Best travel power system

So this forum is somewhat on the quiet side after the giveaways they did way back to reward attention here (hint: Anker!)

I moved my portable devices to USB and now my portable life is all USB and I travel now with only USB devices and chargers and powerbanks. The shrinkage of total traveling luggage size is impressive, I have reduced my multi overnight bag from 40L to 16L (not all technology, clothing changes also) so now I can pretty much travel the world indefinitely just with this.


That bag contains a coat to get me to 20F, food, water, laptop, all the chargers, cables, two change of clothes.

The liberation of being to walk anywhere, Uber/Lyft, be the last to board and no concerns of roller bags, and to be able to not care about access to mains power, to last off-grid for days, is a cool feeling.

A couple of weeks ago I was in a snowy airport heading to an airport which had approaching bad weather and my flight had an “indefinite delay” so as I only had this luggage I walked quickly to a service desk and negotiated. It ended up me getting the last seat about to fly out due to no checked bag to move, no need to check a bag and took a small seat in a plane fully stuffed with luggage, I could just walk on, sit and down. This in effect let me queue jump. I got home hours earlier. On that flight, I had no power, no Wifi, no entertainment and watched downloaded videos and got home all devices charged.

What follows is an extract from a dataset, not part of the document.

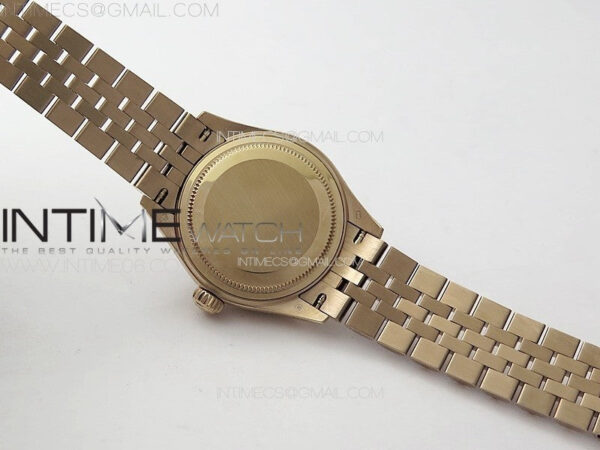 Datejust 28mm 279179 RG APSF Best Edition Blue Dial Roman Markers on SS Jubilee Bracelet NH05 - Image 21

I am about travel about 25,000 miles over 3 weeks and in the last couple of months been trialing kit options on shorter trips to find what works better/worse. These are my 2017 “best travel power system” current views:

  • Best battery: Powercore 10000. The 10Ah is a sweetspot as its pretty much a phone full recharge and a tablet full recharge which gets you a >1 full day. In worst case once tablet drained then just use the phone. I have tried the Powercore Slim 5000, Powercore 26800, and also the Powercore Fusion 5000.

  • Best charger: Powerport2 (but for reasons related to airports, hotels). This one is the most complicated. I like the Powerport5 USB-C for its port density but the cord length is the problem. Either the mains power is right there in front of you, or it is the Powerport5 distance away, or it is further away. You cannot predict. If you use the Powerport5, then if the mains socket is immediately there you have a more complicated setup, if the mains socket is too far away you can’t reach it. So what I find works in all situations is a 12ft mains extension cord. Then a Powerport2 plugged in. This works internationally as at the end of the 12ft cord is the local country plug adapter. The typical USA extension cord plugs in 3 devices, so then I attach multiple chargers. This allows to cover for the more esoteric power recharging needs, such as my OnePlus3T “DASH” charger which is proprietary.

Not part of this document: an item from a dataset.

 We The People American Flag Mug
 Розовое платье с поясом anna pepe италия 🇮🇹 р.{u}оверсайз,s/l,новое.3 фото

  • Best USB cables. Well here I go with a couple of the free short ones with the Anker devices and a couple of really long ones. This then solves all the most cramped to the most extended situations. The shorter ones tend to suit mains power close or if you’re using the Powercore in a flight, the longer ones for the intermediate or extreme situations. The longer the cable the most the quality matters and I use the Powerline+, the shorter cables I use microUSB and USB-C adapters.

The 12ft mains power extension is handy for hanging laundry drying. The 2 changes of clothes = one on, one in the wash, one ready to wear, so drying is part of the system. Not all hotels have all their room parts just right, sometimes you need a strong rope.

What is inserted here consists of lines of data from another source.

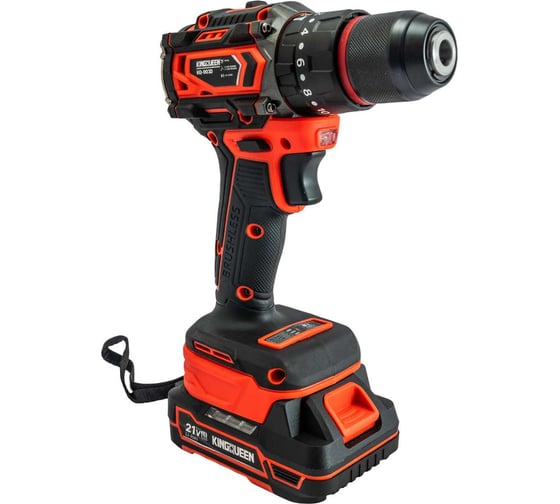 Изображение товара Шуруповерт KINGQUEEN бесщеточный, ударный, 21В, патрон 13мм, 2АКБ, KQ-903D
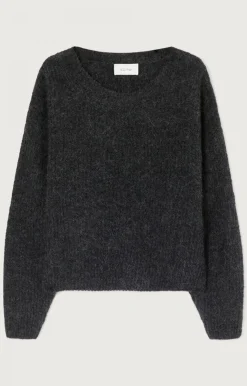 American Vintage Women'S Jumper East Charcoal Melange Shop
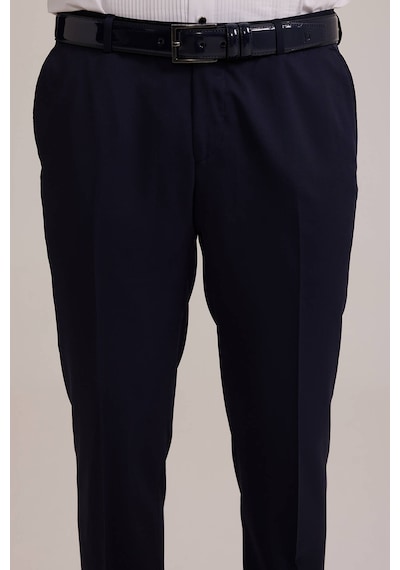 Ysf Erkek Lacivert Slim Fit Kırlangıç Yaka Damatlık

Not Anker related but FYI these are my non-Anker gadgets:

  • Google Pixel C. Tough, fast, good battery life, 3A 5V input. The Powerport2 2.4A 5V is a close match.

  • OnePlus3T. It has a proprietary charger, so I carry it and it falls back to 2A 5V from the Powerport2 so I can use the Anker or proprietary charge.

  • Spare / fallback tablet: Nexus 7. This suits cramped airline seats

  • Spare / fallback phone: Moto G4 Play. This last days of a charge.

The spare devices represent carried internal charged batteries so collectively mean I don’t need to carry a whole lot of Mah in Powercore. If you ever look at the added external battery capacity due to the 3.7V/5V difference with Watt-hours, a spare fully charged device is about the size of the added external battery power.

So:

  • what is your best travel system?
  • how much does Anker suit you?
  • where are Anker’s product gaps?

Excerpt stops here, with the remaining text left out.